- Honkilahden kunta Honkilahti kommun
- Coat of arms
- Interactive map of Honkilahti
- Country: Finland
- Region: Satakunta
- Sub-region: Rauma sub-region
- Time zone: UTC+2 (EET)
- • Summer (DST): UTC+3 (EEST)
- Climate: Dfb

= Honkilahti =

Honkilahti (Honkilahti, also Honkilax) is a village and a former municipality in Finland, part of Eura since 1970.

==History==

The commune of Honkilahti was founded in 1904 when it was separated from Eura. Honkilahti was merged back with Eura in 1970. Honkilahti has a wooden church which "Tuomas Samuelinpoika Rahvenius" designed in 1759. It lies on the northern side of Koskeljärvi. Before Honkilahti were discontinued, it had many kilometers the coastline from Pyhäjärvi.

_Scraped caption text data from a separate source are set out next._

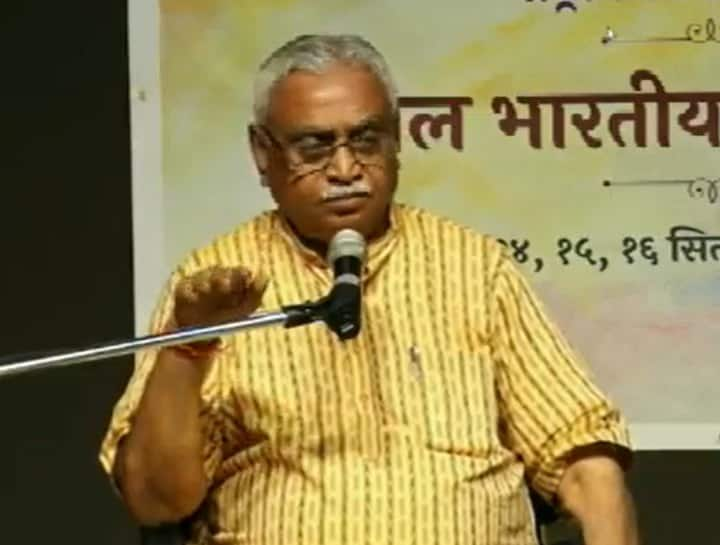 RSS Joint General Secretary Manmohan Vaidya on SC ST community rights and Manipur Violence RSS के मनमोहन वैद्य बोले- 'कई सालों तक अनुसूचित जाति और जनजाति के लोगों को रखा शिक्षा, सम्मान और सुविधाओं से दूर'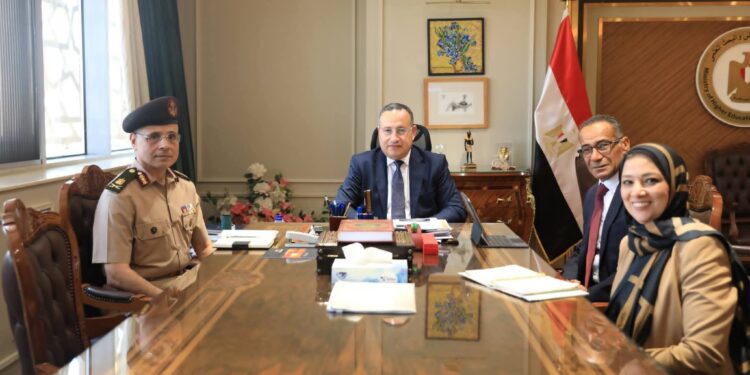 وزير التعليم العالي يتابع تطورات مشروع الجينوم المصري ويوجه بالتوسع في المشروعات التطبيقية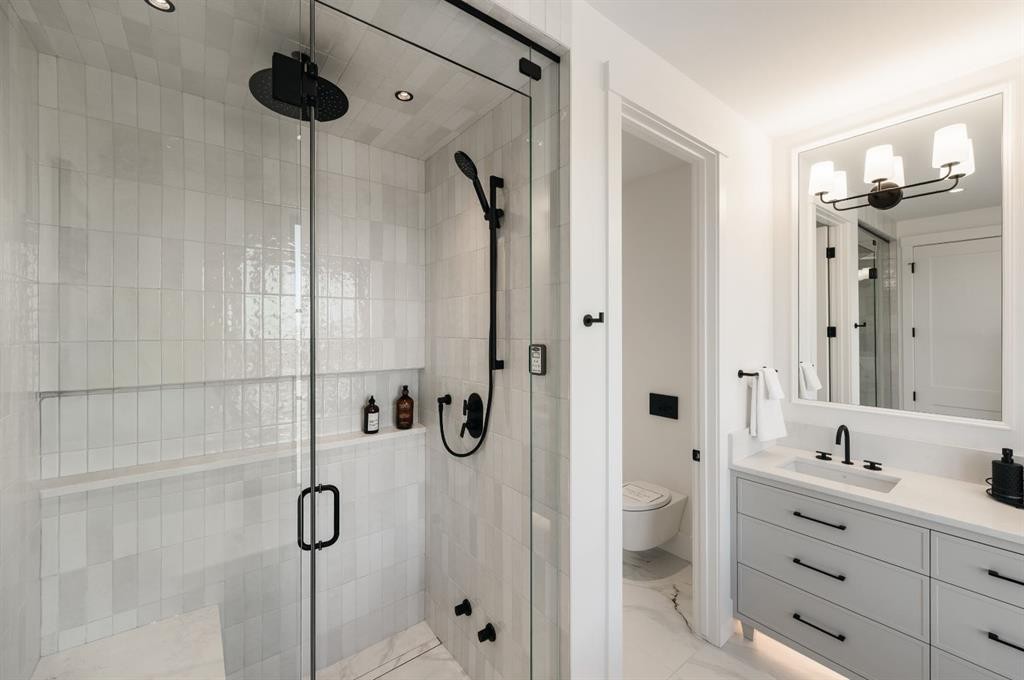 102-1700 73 Street Sw, Calgary, AB - Indoor Photo Showing Bathroom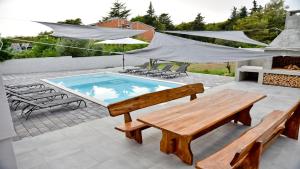 Villa Pinia with pool, Zadar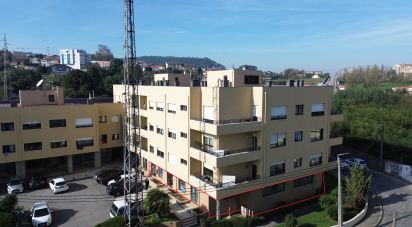 Shop / premises commercial in Vilar de andorinho of 246 m²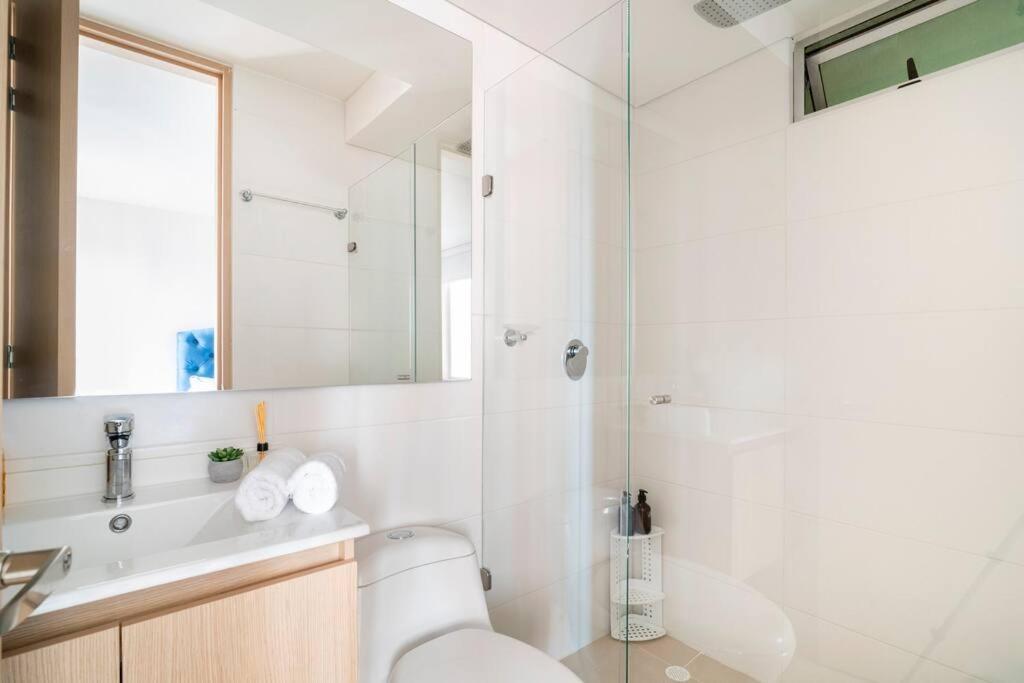 Apartment Perfecto Trabajo Remoto - Nuevo , Wifi, Lava-seca, Parking, Cerca Aeropuerto Y Embajada, Hermosa Vista Bogota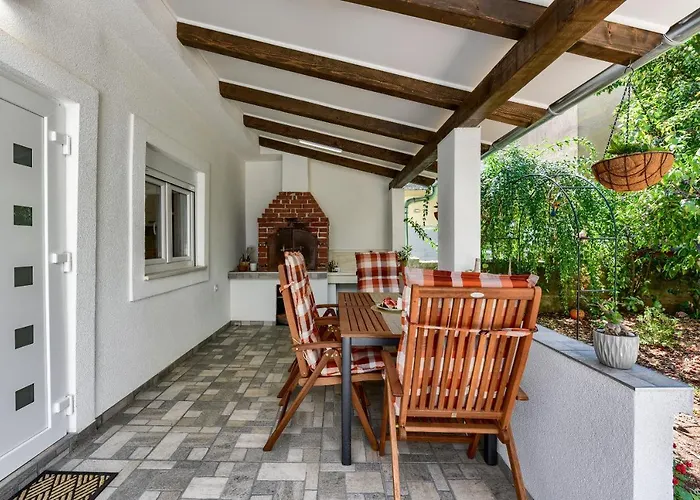 Yula Apartamento Zadar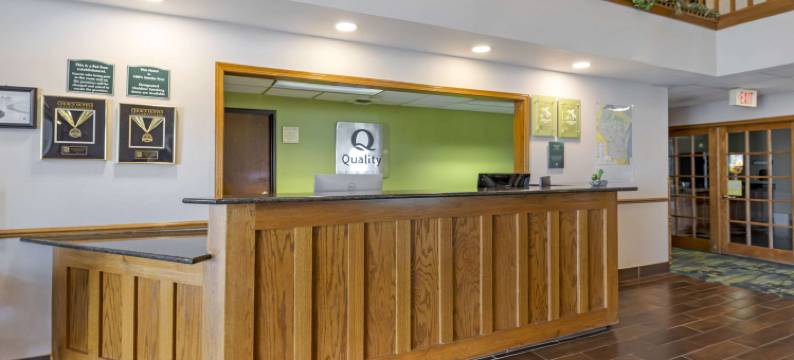 斯托顿凯艺套房酒店-麦迪逊南(Quality Inn & Suites Stoughton - Madison South)图片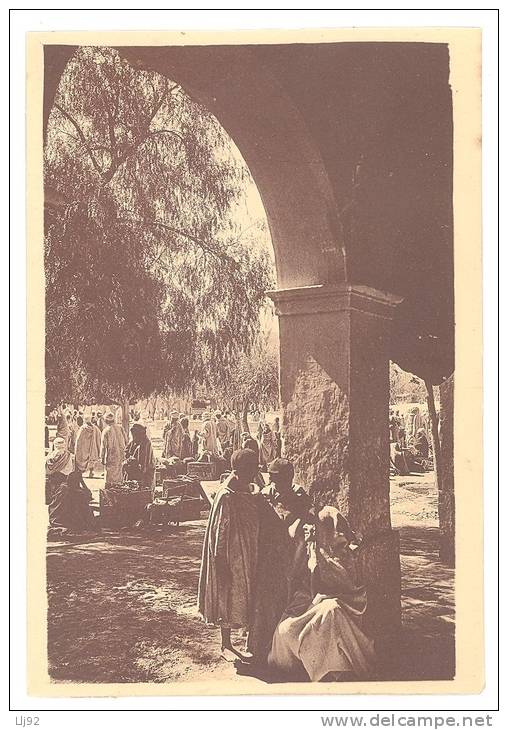 CPA ALGERIE - 7. BOU-SAADA - Une échappée sur le Marché arabe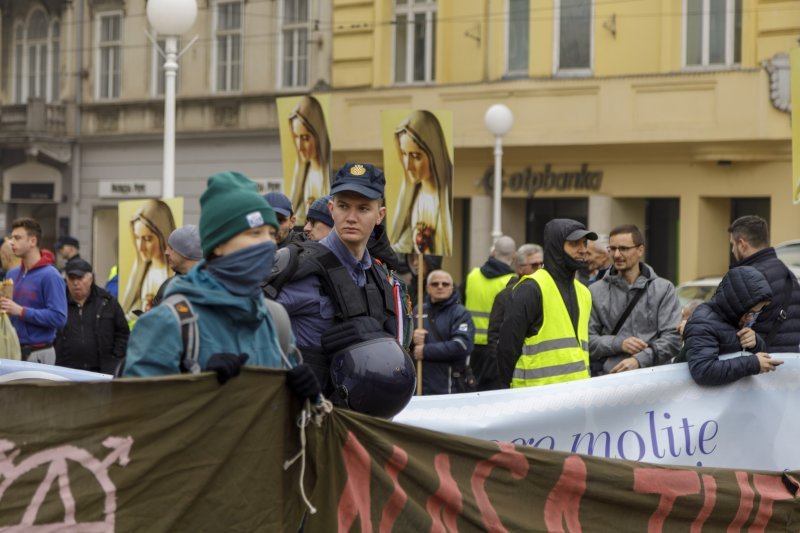 Prosvjed protiv molitelja u Zagrebu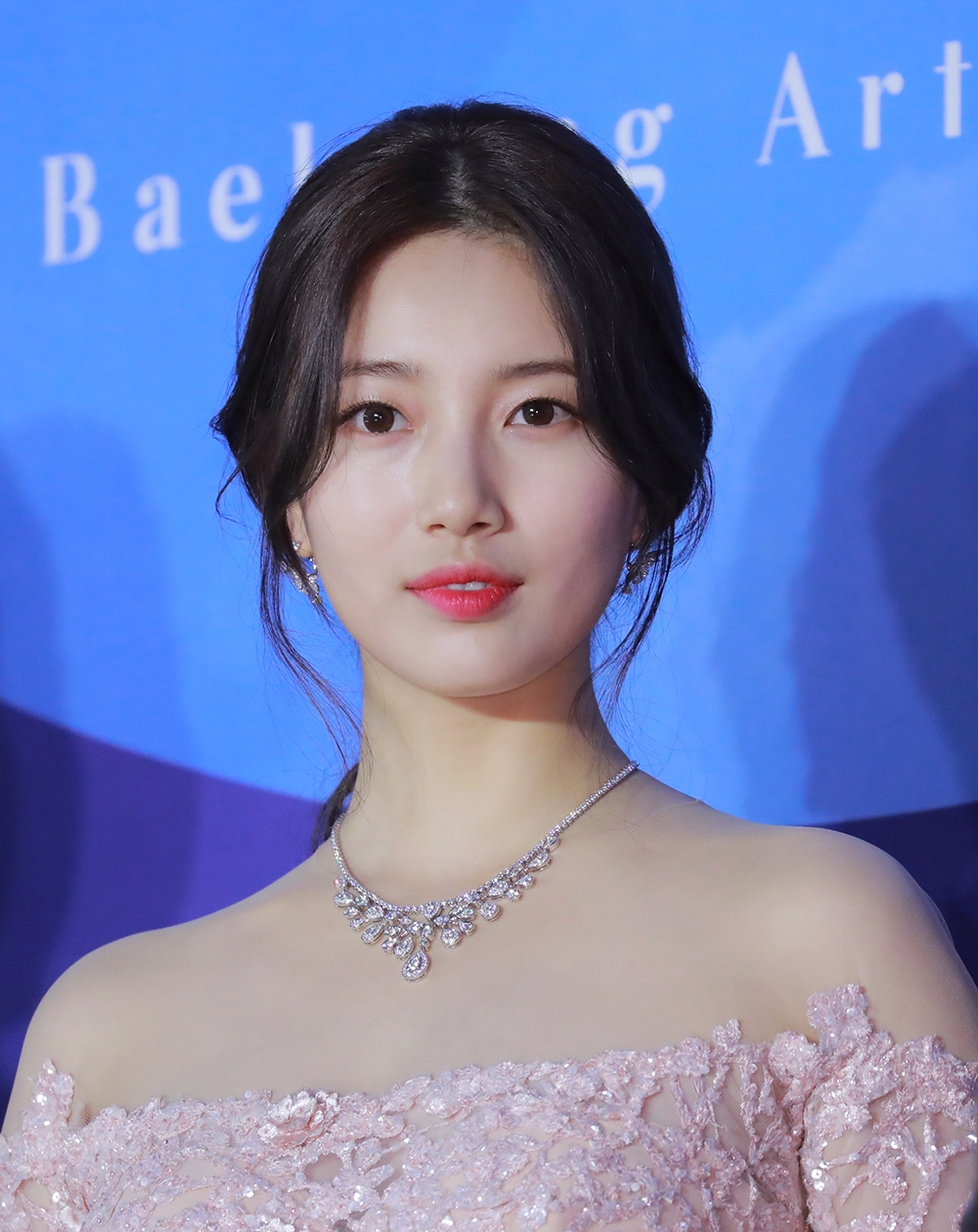 수지, 2019 백상예술대상 레드카펫 환하게 밝힌 ‘여신 메이크업’ 화제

The population of Honkilahti was at its peak in 1957 when there were 1887 inhabitants.

The neighbouring municipalities of Honkilahti were Eura, Hinnerjoki, Laitila, Karjala, Mynämäki, Yläne and Säkylä.

The arms of Honkilahti were designed by Gustaf von Numers and it was registered in 1951.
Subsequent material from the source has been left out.